→ AVAILABLE DATA

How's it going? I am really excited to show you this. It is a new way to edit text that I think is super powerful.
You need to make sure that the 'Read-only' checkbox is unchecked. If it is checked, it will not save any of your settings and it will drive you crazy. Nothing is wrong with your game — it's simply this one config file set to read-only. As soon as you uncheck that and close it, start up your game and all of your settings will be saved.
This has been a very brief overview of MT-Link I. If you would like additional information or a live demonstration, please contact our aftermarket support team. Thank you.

→ TASK REQUIREMENTS
Scan the data above and copy each line containing the word "that".

→ SOLUTION FOR THIS EXERCISE
How's it going? I am really excited to show you this. It is a new way to edit text that I think is super powerful.
You need to make sure that the 'Read-only' checkbox is unchecked. If it is checked, it will not save any of your settings and it will drive you crazy. Nothing is wrong with your game — it's simply this one config file set to read-only. As soon as you uncheck that and close it, start up your game and all of your settings will be saved.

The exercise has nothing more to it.